The issue of environmental, social, economic and political sustainability of the Madang province is influenced by factors such as:
* Environmental sustainability
• Volcanic and earthquake activity. Offshore islands, in some cases volcanic, with Karkar, Bagabag and Manam being notable. In 2004/2005 the population of Manam Island was evacuated due to an eruption of the volcano. Bagabag and Karkar have had no major volcanic activities in recent years. This active volcanic region is part of the Pacific Ring of Fire and has created crater lakes, smoking volcanic cones and black sand beaches.
• Timber milling and the clearing of forests.
• Erosion of soil by the clearing of forests for Palm Oil production.
• Slash and burn technology still used by villagers to sustain the soil. Constant smell of burning evident.
* Economic sustainability
• Infrastructure – pot holes, rubbish, limited public works and facilities (including education resources and provision).
• Impact of foreign investment and companies.
• Impact on subsistence agriculture of land being used for commercial crops such as Palm Oil.

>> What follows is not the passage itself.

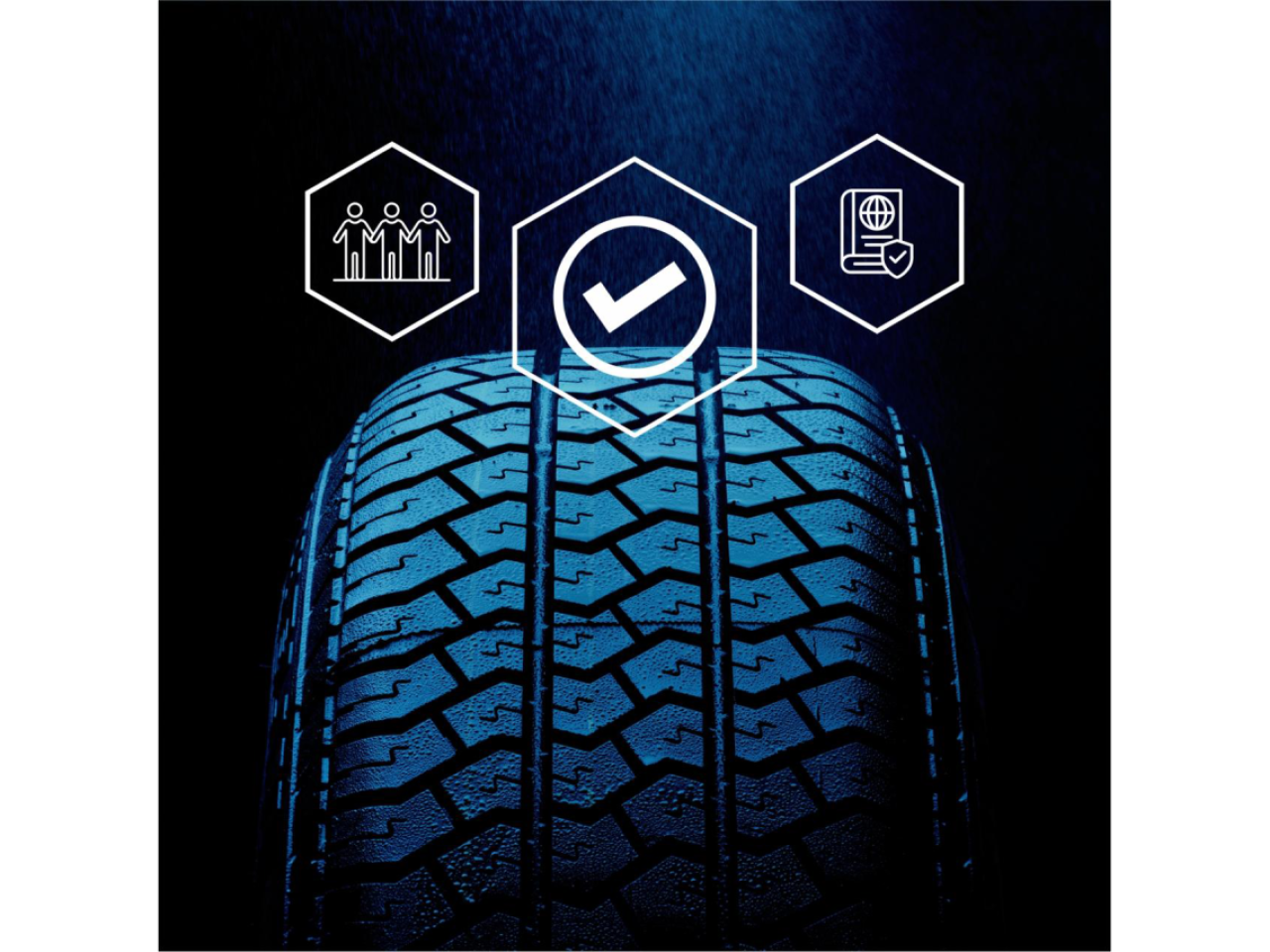 Tire with icons of collaboration partners and the PCR publication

* Social/cultural sustainability
• Outside contact over the years has led to cultural loss in major settled areas of the province. However due to isolation many groups has caused that rate of change to be diversely uneven.
• The cost of education and the opportunity for employment.
• Impact of males leaving province seeking work.
• Impact of employment opportunities for women in resorts.
• Impact on social structures in villages if subsistence agriculture is threatened by commercial crops.
• Impact of almost everyone having a mobile phone on social structures.